Estive na Argentina entre os dias 30 de abril e 7 de maio, sob uma temperatura de 10 a 18 graus, e ouvi, o tempo todo, as reclamações das pessoas a respeito da inflação. O presidente Javier Milei é criticado por uns, que chegam a chamá-lo de “loco”, e elogiado por outros, por “não” ser corrupto. Diz-se, comumente, que o kirchnerismo “é” medularmente corrupto. Um motorista disse, irritado: “Votei em Néstor [Kirschner], em Cristina [Kirschner] e em Alberto [Fernández], mas acabei descobrindo que gostam mais de dinheiro do que de pobres. Destes, na verdade, gostam dos votos”. Muitos, porém, insistem que as preocupações dos peronistas com o social “é” genuína. Os que votaram em Milei sugerem que é cedo para avaliá-lo com rigor.

 Na 48ª Feria Internacional del Livro, que me credenciou como repórter — o crachá da feira facilitou minhas anotações detalhadas de livros que não comprei nos vários estandes das livrarias (os da Waldhuter e da Cúspide eram os que continham as melhores lançamentos, disparados) —, e nas livrarias, como as excelentes Eterna Cadencia, Libros del Pasage, Edipo (onde encontrei a excelente biografia de Samuel Beckett), Yenny, Guadalquivir, Librería Hernández, Fondo da Cultura Económica, e nos sebos, que já foram melhores, a reclamação era geral. A inflação está alta e os livros, os aluguéis e os alimentos estão caríssimos.

Além de seus próprios escritores, como Silvina Ocampo, Mariana Enriquez, Alfonsina Storni, Borges, Bioy Casares, Cortázar, Oliverio Girondo, a Argentina edita e traduz com alta qualidade. E, claro, livros editados em Barcelona, Madri e Valência circulam em Buenos Aires.

Para não sufocar o leitor, vou dividir a lista de livros que circulam em Buenos Aires e deveriam ser publicados no Brasil em partes. Neste domingo, sai a primeira parte. As demais sairão depois.

1

Samuel Beckett — Anthony Cronin

A obra de Samuel Beckett circula no Brasil com traduções de primeira linha — de Ana Helena Souza, Eloisa Araújo Ribeiro, Elsa Martins, Fábio de Souza Andrade, Léo Schlafman, Paulo Leminski e Waltensir Dutra. Marcos Siscar e Gabriela Vescovi colocaram de pé, no nosso português, “Poesia Completa” do irlandês que secretariou James Joyce.

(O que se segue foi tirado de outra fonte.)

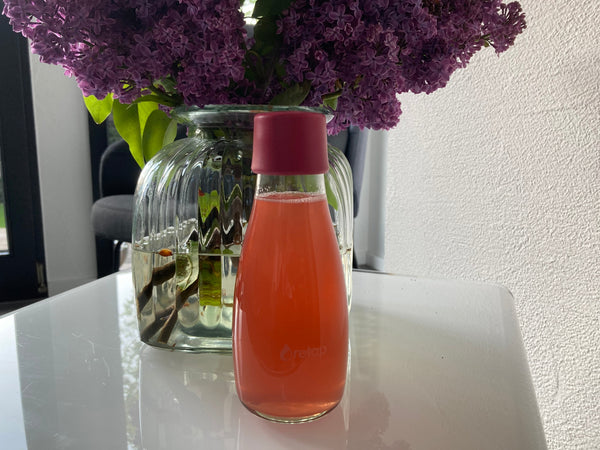 Glastrinkflasche vor Blume
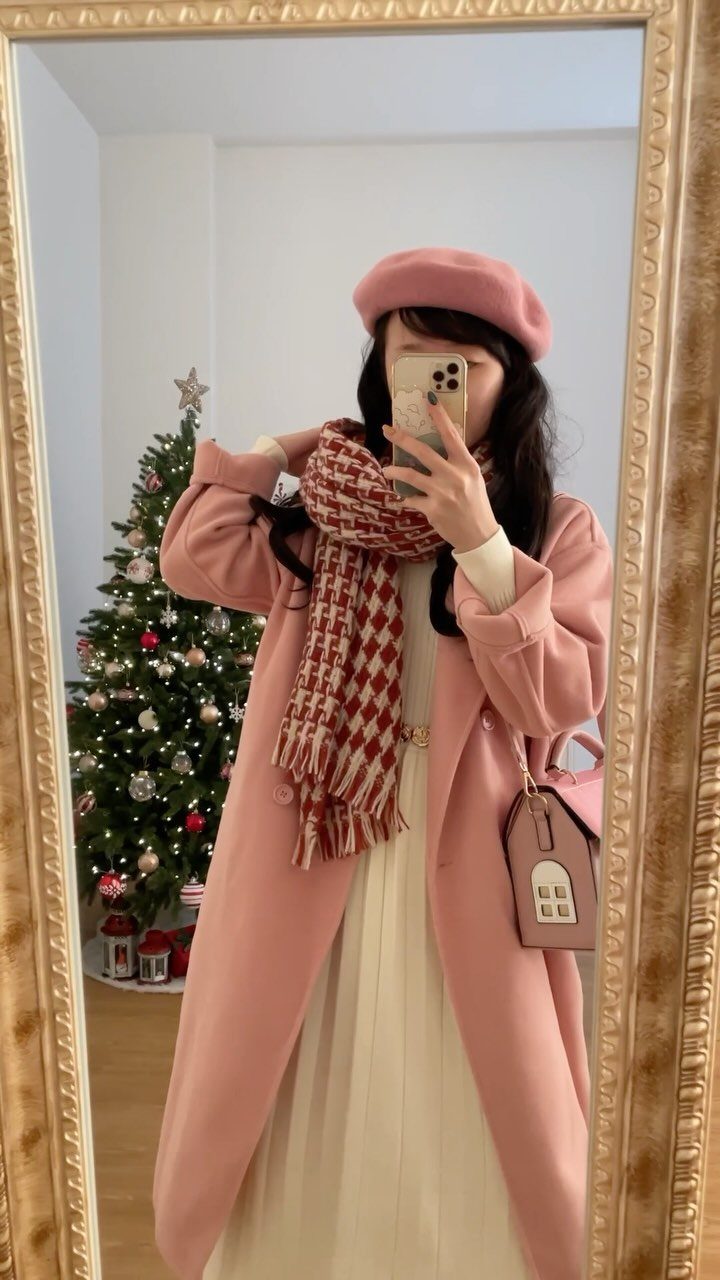 A person wearing a pink coat, patterned scarf, and cream pleated midi dress standing near a Christmas tree.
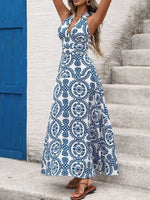 Woman wearing a blue and white patterned dress standing on stone steps.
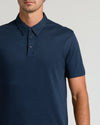 Navy Tall Pima Polo worn by man, showcasing tailored fit.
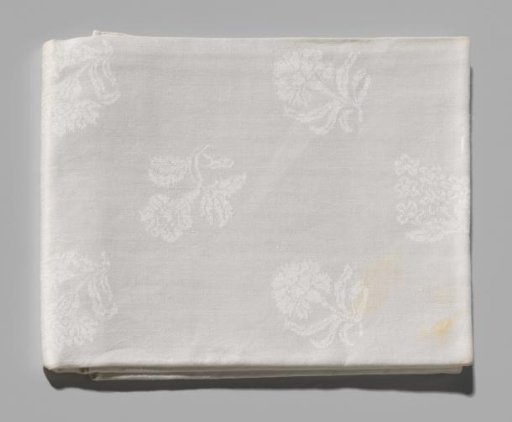 Linen damask napkin with floral motifs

A Editora José Olympio pôs nas livrarias e, daí, nos sebos “Beckett” (183 páginas, tradução de Léo Schlafman), de Ludovic Janvier, em 1988. Mas falta em português uma biografia ampla, daquelas exaustivas, que consiga explicar, além da obra, o homem que a arquitetou. O mestre americano Richard Ellmann ajudou a entender o autor de “Ulysses” e “Finnegans Wake” com sua excelente biografia, “Joyce”, publicada no Basil sem o indispensável índice remissivo.

Pois Samuel Beckett, com sua obra complexa — sim, muito difícil de ser entendida —, precisa tanto de críticos atentos quanto de biógrafos para explicá-lo (a obra e o homem). Logo nas primeiras páginas de “Samuel Beckett — El Último Modernista” (La Uña Rota, 652 páginas, tradução de Miguel Martínez-Lage), Anthony Cronin nos conta que Beckett costumava dizer que tinha lembranças desde quando estava no útero de sua mãe (curiosamente, comprei um exemplar na Livraria Edipo).

A pesquisa do irlandês Cronin examina com atenção a obra de Beckett, como se nos dissesse que tem muito a dizer a respeito do indivíduo Samuel. O relacionamento com James Joyce e com a filha deste, Lúcia — que tinha problemas mentais —, é detalhado pelo pesquisador. A pesquisa é elogiada pelos escritores Colm Tóibín e John Banville, ambos irlandeses.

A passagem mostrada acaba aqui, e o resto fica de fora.